Herunia species. This stapelia relative has crawled out of its clay pot and spread into a dwarf forest of squarish green fingers. Lovely star-shaped flowers are dark red, though smelly enough to attract flies.
Fouquieria splendens, also called ocotillo and buggy whip, from the American Southwest and Mexico, does just fine here next to a handsome blue Agave neglecta that's another Florida native.
Among the tallest plants in this collector's garden are the pachypodiums and the variegated Opuntia cactus.

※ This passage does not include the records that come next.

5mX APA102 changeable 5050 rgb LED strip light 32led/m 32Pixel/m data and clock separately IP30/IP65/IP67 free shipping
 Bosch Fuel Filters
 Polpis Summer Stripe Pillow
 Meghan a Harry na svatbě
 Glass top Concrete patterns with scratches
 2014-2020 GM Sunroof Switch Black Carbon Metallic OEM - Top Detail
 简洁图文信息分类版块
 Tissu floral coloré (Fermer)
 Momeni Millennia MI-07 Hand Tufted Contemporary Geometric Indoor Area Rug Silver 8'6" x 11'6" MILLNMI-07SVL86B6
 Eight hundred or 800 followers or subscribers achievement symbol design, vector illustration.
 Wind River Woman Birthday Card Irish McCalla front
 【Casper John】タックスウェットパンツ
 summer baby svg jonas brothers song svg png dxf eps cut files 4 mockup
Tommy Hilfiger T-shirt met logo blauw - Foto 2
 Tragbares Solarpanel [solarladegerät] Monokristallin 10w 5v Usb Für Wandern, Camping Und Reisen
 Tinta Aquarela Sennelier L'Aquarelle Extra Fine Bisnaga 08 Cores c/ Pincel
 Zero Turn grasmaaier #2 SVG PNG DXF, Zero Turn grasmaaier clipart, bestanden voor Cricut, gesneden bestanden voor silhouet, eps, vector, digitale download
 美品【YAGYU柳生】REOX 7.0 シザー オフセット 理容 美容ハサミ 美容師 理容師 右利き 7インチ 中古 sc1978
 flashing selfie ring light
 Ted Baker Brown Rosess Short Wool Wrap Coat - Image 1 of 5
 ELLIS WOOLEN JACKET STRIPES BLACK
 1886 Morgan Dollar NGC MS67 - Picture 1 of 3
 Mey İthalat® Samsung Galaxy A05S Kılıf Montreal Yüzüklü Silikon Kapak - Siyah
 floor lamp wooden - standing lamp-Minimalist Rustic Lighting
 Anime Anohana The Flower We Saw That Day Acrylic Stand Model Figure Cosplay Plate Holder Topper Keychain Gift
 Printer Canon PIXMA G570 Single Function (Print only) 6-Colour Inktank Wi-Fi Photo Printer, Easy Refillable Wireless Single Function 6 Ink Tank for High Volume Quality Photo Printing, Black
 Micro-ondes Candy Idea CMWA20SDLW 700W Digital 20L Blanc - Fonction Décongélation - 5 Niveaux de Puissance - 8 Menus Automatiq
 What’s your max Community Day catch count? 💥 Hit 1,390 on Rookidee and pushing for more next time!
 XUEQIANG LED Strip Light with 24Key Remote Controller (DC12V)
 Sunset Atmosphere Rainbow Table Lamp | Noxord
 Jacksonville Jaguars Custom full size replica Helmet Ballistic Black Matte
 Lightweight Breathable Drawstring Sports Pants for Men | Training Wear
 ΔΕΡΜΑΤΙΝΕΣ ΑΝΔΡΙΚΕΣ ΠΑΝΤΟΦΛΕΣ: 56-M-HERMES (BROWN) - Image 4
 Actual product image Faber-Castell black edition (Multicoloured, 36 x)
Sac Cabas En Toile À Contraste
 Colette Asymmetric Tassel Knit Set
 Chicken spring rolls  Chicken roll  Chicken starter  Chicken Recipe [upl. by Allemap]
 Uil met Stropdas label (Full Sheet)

Pachypodium rutenbergianum, another Madagascar plant, is full of leaves now and grows quickly in the rainy season. In winter, when it's deciduous, Bernstein says it photosynthesizes through its bark so while leafless it isn't dormant. It has oleander-like flowers that are white.
SOME PROTECTION
In the summer rainy season, Bernstein keeps his small potted succulents in a small fabric shadehouse set up in the side yard. It protects them from too much water, not too little.
Outside, the big plants grow like crazy and are this photographer's personal paradise.